Data section:
+===+

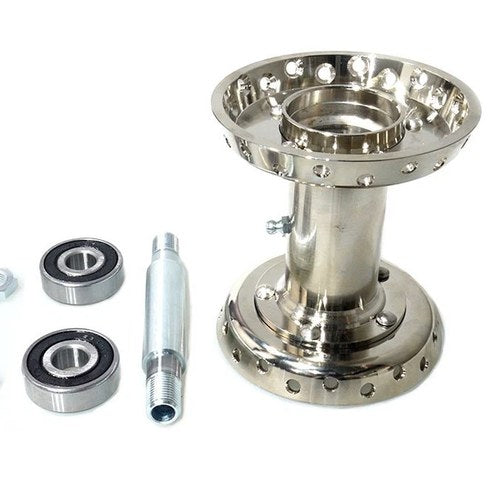 XR Spool Wheel Internal Kit for Harley-Davidson
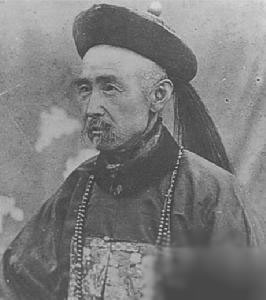 乾隆墓挖出邪门古剑：碰过的人中无一生还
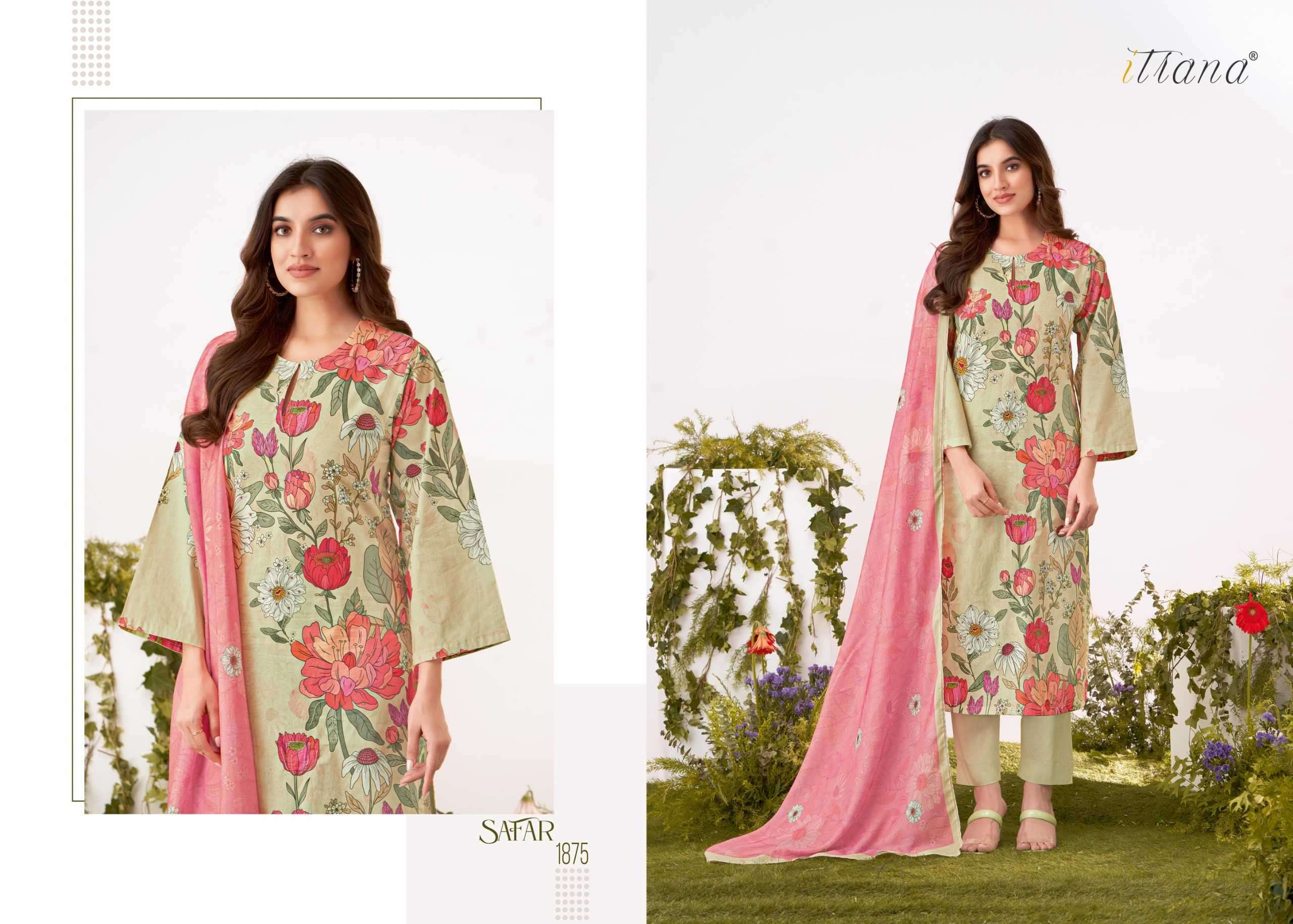 safar-vol-1-by-sahiba-itrana-pure-cotton-handwork-3pcs-salwar-suits-2-2024-07-27_16_28_50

+===+

Aim of the task: Output the data above exactly. Drop every picture.

Solution below:
 XR Spool Wheel Internal Kit for Harley-Davidson
 乾隆墓挖出邪门古剑：碰过的人中无一生还
 safar-vol-1-by-sahiba-itrana-pure-cotton-handwork-3pcs-salwar-suits-2-2024-07-27_16_28_50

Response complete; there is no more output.